Instructions for the task: With the pictures left out, output the records below exactly.

The records:
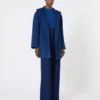 Abrigo cruzado color camel, azul china Abrigo cruzado color camel, azul china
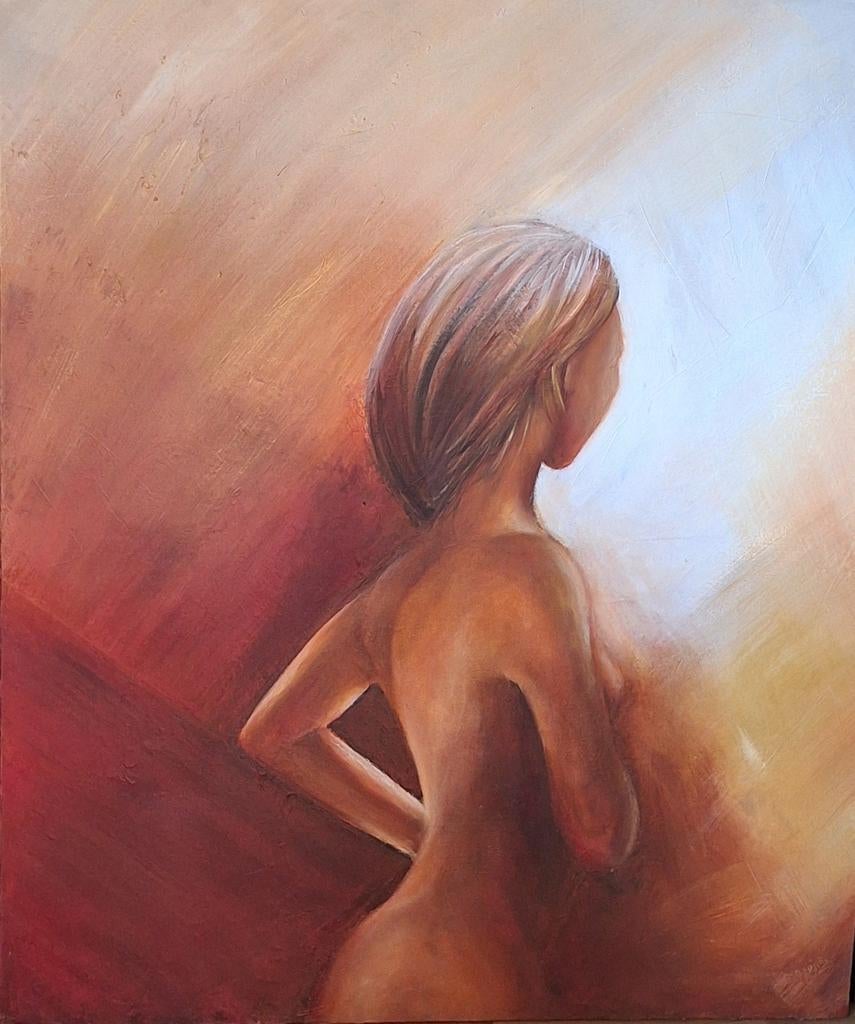 Olieverf Schilderij "Vrouwelijk Figuur" door Marion Thoonen, Antiek en Kunst, Kunst | Schilderijen | Modern, Ophalen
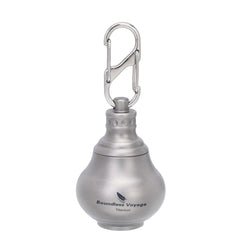 iBasingo titanium mini pill bottle on a keychain for quick access
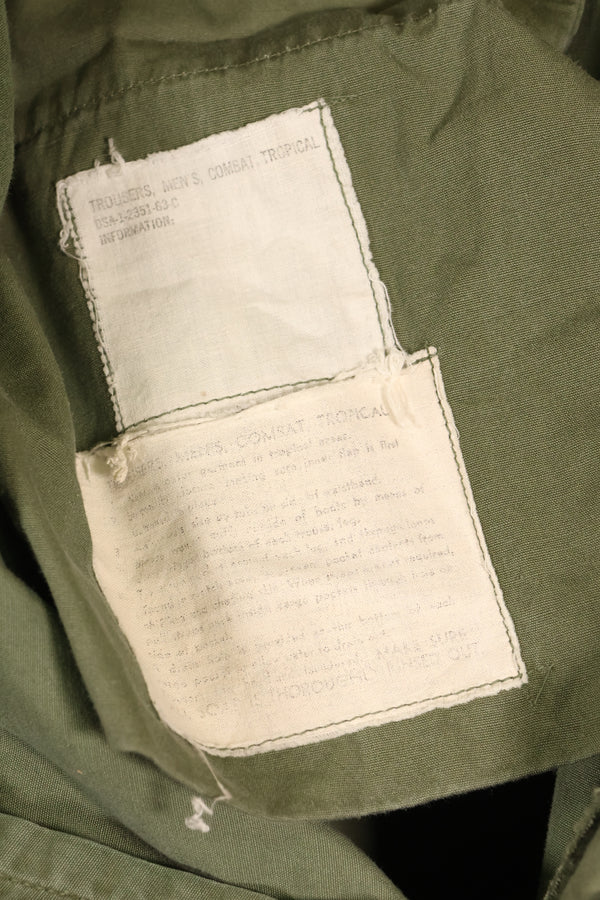 1963 Contract—Presumed M-S 1st Model Jungle Fatigue Pants—Faded—Used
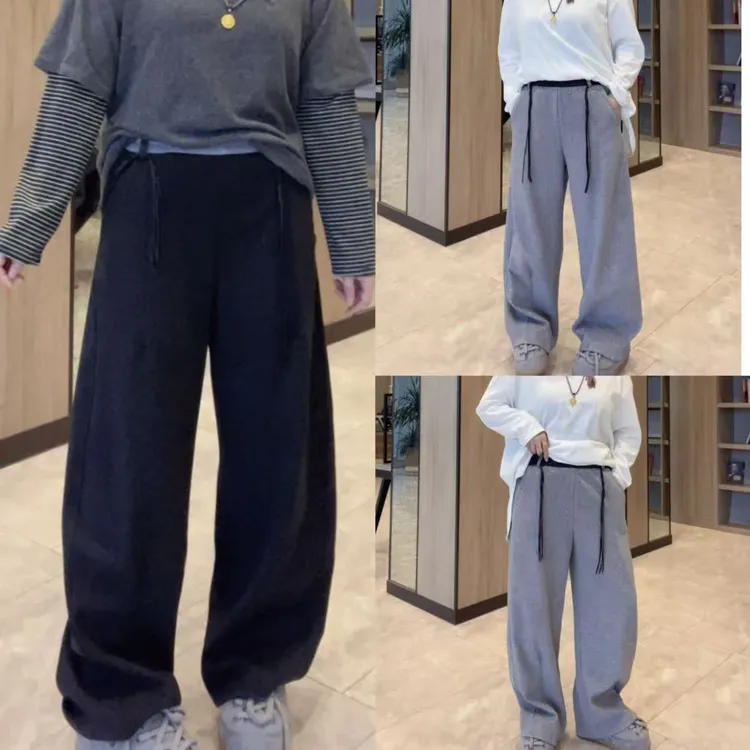 卫裤松紧腰抽绳拼接撞色加绒加厚休闲裤女宽松阔腿裤（卡码拍大）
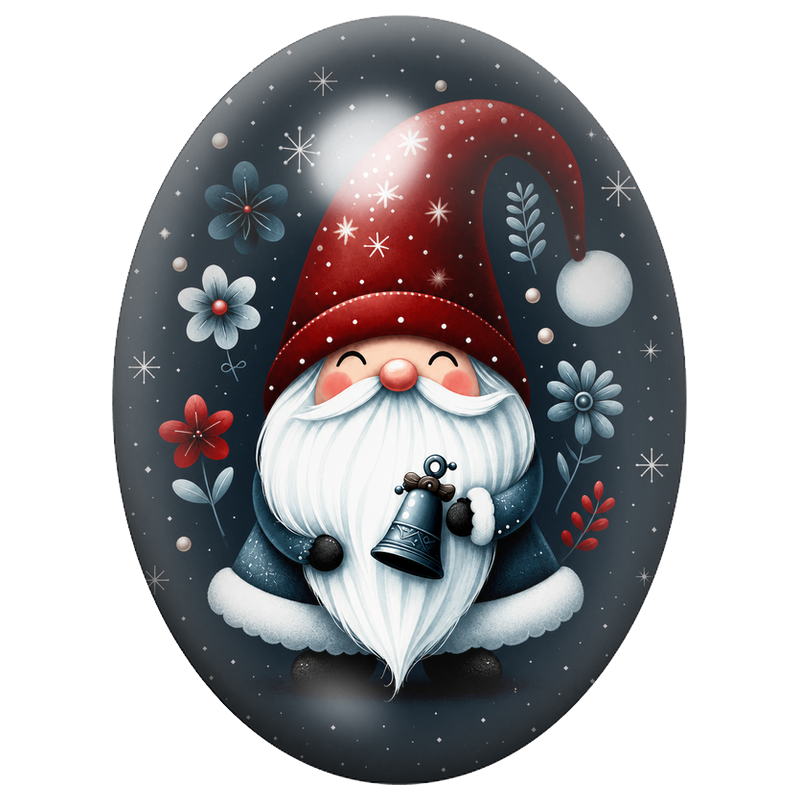Cabochon en Verre Illustré Gnome Bleu à la Clochette 13x18, 18x25 ou 30x40mm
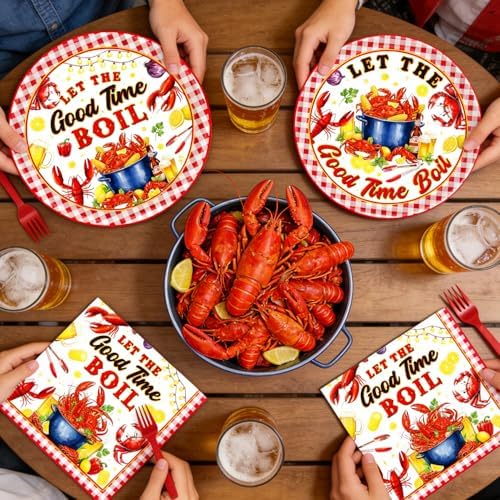 Gameza Seafood Boil Party Supplies - 96PCS Seafood Boil Party Plates and Napkins Forks Tableware Disposable Set, Crawfish Crab Shrimp Summer Birthday Decor Supplies, Serve 24 - Image 4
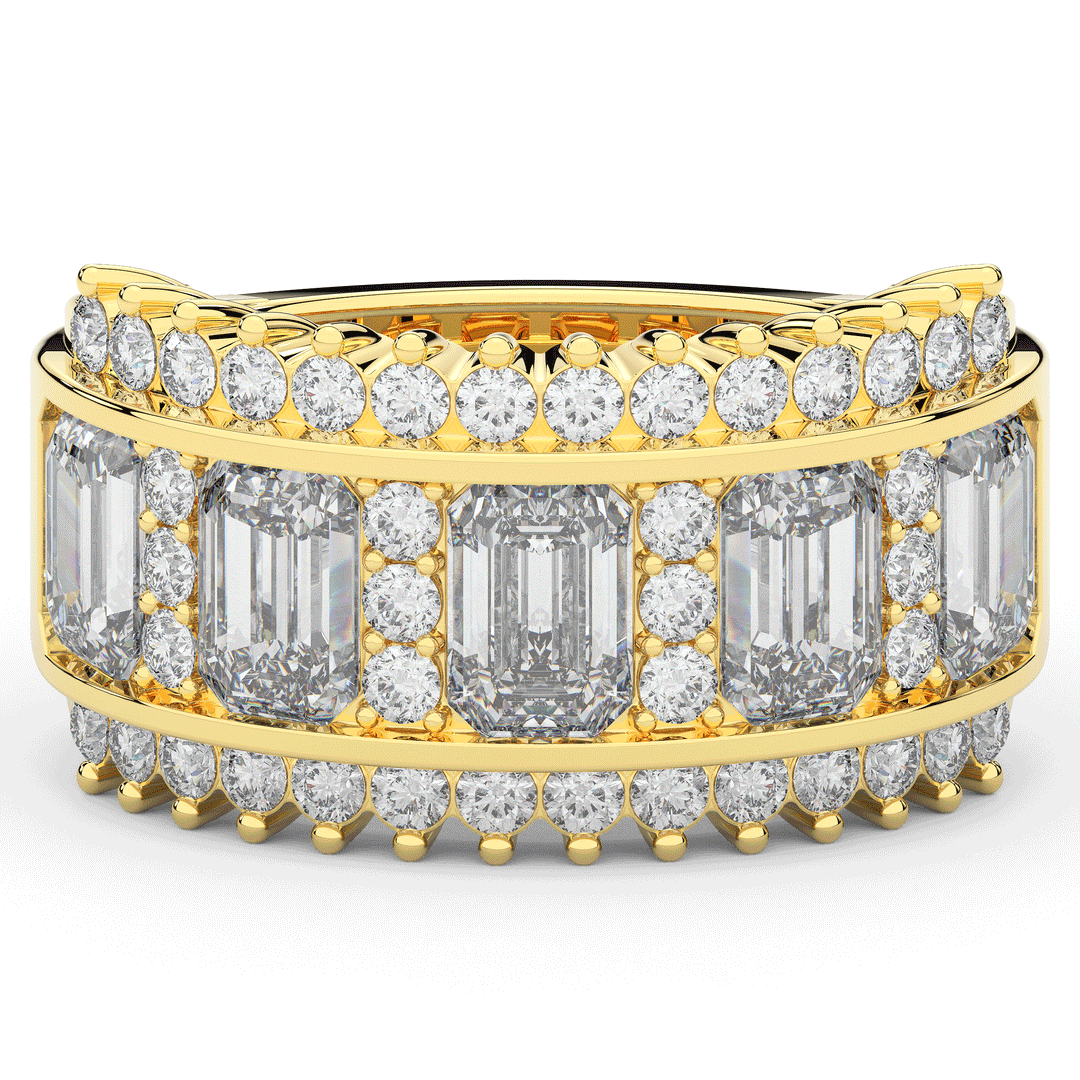 4.40CT.TW EMERALD CUT AND ROUND LAB DIAMOND WEDDING BAND - Nazarelle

Written reply:
 Abrigo cruzado color camel, azul china Abrigo cruzado color camel, azul china
 Olieverf Schilderij "Vrouwelijk Figuur" door Marion Thoonen, Antiek en Kunst, Kunst | Schilderijen | Modern, Ophalen
 iBasingo titanium mini pill bottle on a keychain for quick access
 1963 Contract—Presumed M-S 1st Model Jungle Fatigue Pants—Faded—Used
 卫裤松紧腰抽绳拼接撞色加绒加厚休闲裤女宽松阔腿裤（卡码拍大）
Cabochon en Verre Illustré Gnome Bleu à la Clochette 13x18, 18x25 ou 30x40mm
 Gameza Seafood Boil Party Supplies - 96PCS Seafood Boil Party Plates and Napkins Forks Tableware Disposable Set, Crawfish Crab Shrimp Summer Birthday Decor Supplies, Serve 24 - Image 4
 4.40CT.TW EMERALD CUT AND ROUND LAB DIAMOND WEDDING BAND - Nazarelle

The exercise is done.